Whitby was a spa town in the late 1700s and early 1800s, with visitors drawn by three 'chalybeate' springs. More tourists arrived after the Whitby and Pickering railway was built in 1839.
In the Victorian period, jet was mined from the cliffs and moors, and Whitby Jet became well-known. (The Romans had already mined jet). Jet is a mineraloid which is the compressed remains of ancestors of the monkey-puzzle tree. It can be used to make jewelry and decorative items, and Queen Victoria liked it, especially after Albert's death. Fossils have also been found in Whitby's cliffs.
The main industries today are fishing and tourism. Amongst other things, visitors patronise the many local fish and chip shops, including the Magpie Café. Whitby is the closest port to a proposed offshore windfarm on Dogger Bank.
Whitby is associated with Dracula, because part of Bram Stoker's novel is set here.
Whitby is twinned with Anchorage, Alaska.

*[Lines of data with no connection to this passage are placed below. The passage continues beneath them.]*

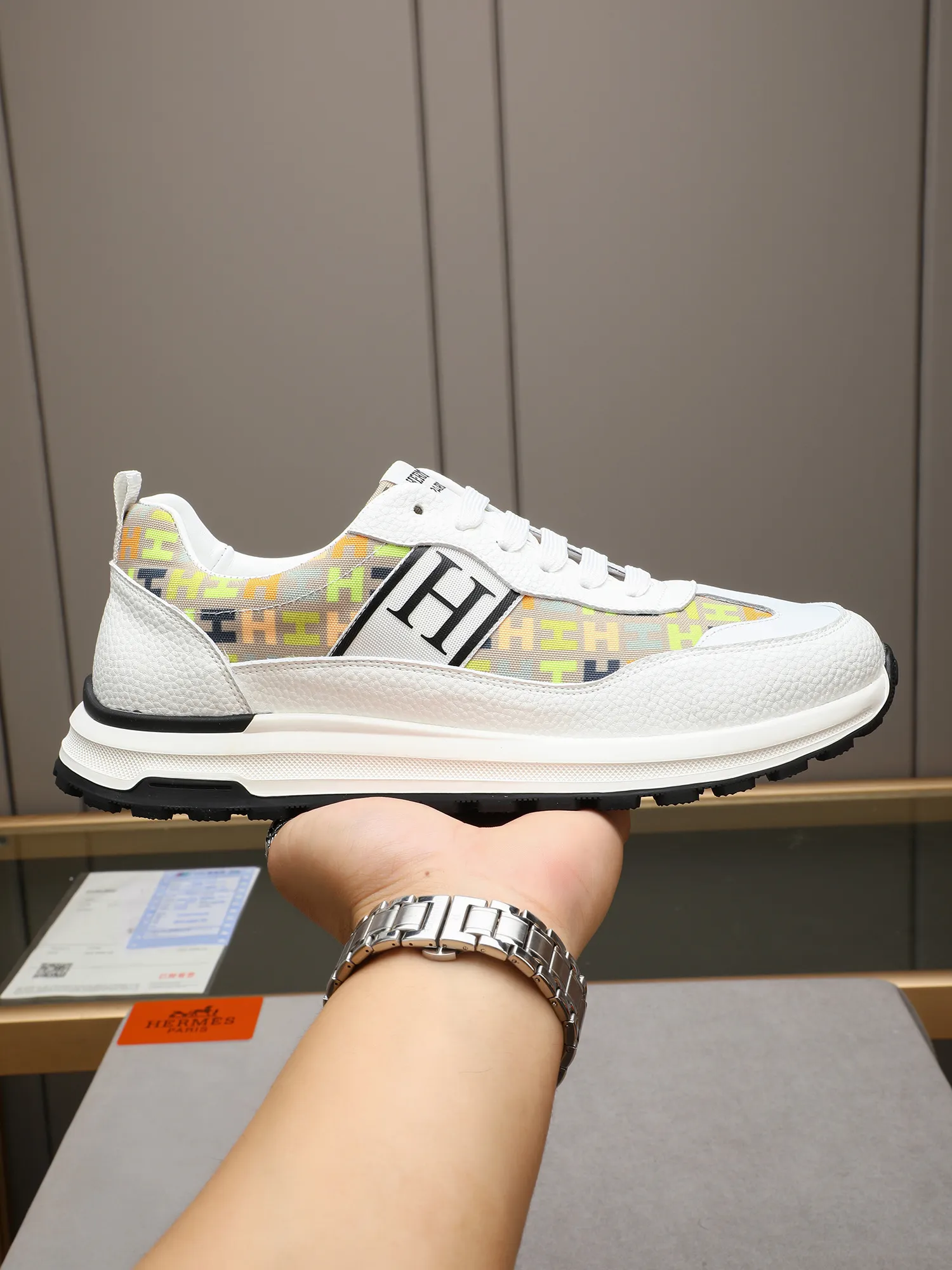 📛📛📛PPP170（Hermes 爱马仕）🆕男士拼色运动鞋，富有质感的小牛皮细节。拼接原版牛皮面，此鞋款从马术世界汲取灵感，融合技术细节和实用功能.透气羊里，原版组合大底，高端品质，各处细节均完美结合！ Size：38-44 （45可定做）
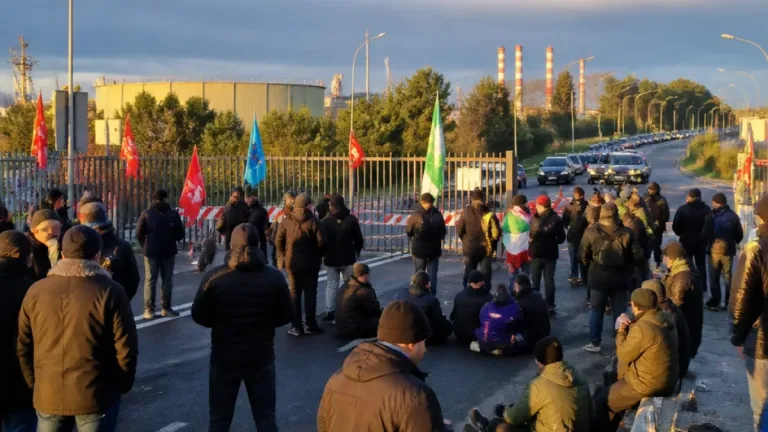 Taranto: lavoratori dell'ex Ilva in sciopero e blocco stradale, appello a misure straordinarie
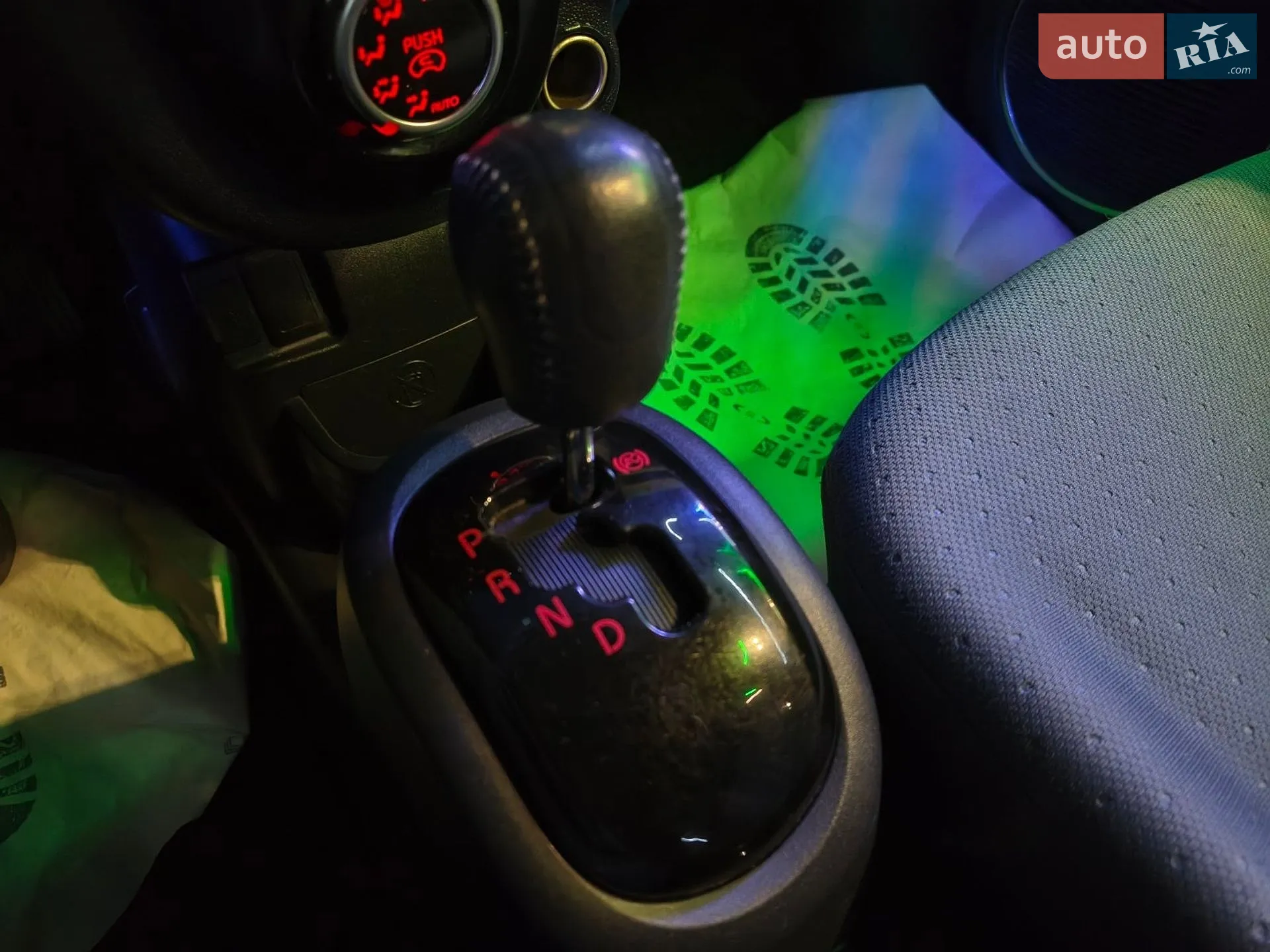2014 Peugeot iOn - мініатюра 35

Robin Hood's Bay is a small fishing village within the North York Moors National Park, which is picturesque, and popular with visitors. It is built in a fissure between two steep cliffs, and most of the houses are sandstone, with red-tiled roofs.
The origin of the name is uncertain, but a legend says that Robin Hood encountered French pirates, and made them surrender. He took their loot, and returned it to the poor people of the village which is now called Robin Hood's Bay.
There were settlements slightly inland (at Raw and Fylingthorpe) in the Viking and Norman eras, but it wasn't until the 1500s that Robin Hood's Bay itself was inhabited. In 1536, about twenty fishing boats were moored here.
Robin Hood's Bay has a tradition of smuggling. There may be underground passages linking the houses. In the late 1700s, contraband tea, gin, rum, brandy, and tobacco were smuggled from the Netherlands and France. There were battles between smugglers and excise men on at least two occasions.
Fishing reached its peak in the mid-1800s, with the fish carried over the moorland to Pickering or York. Tourism generates the most income today.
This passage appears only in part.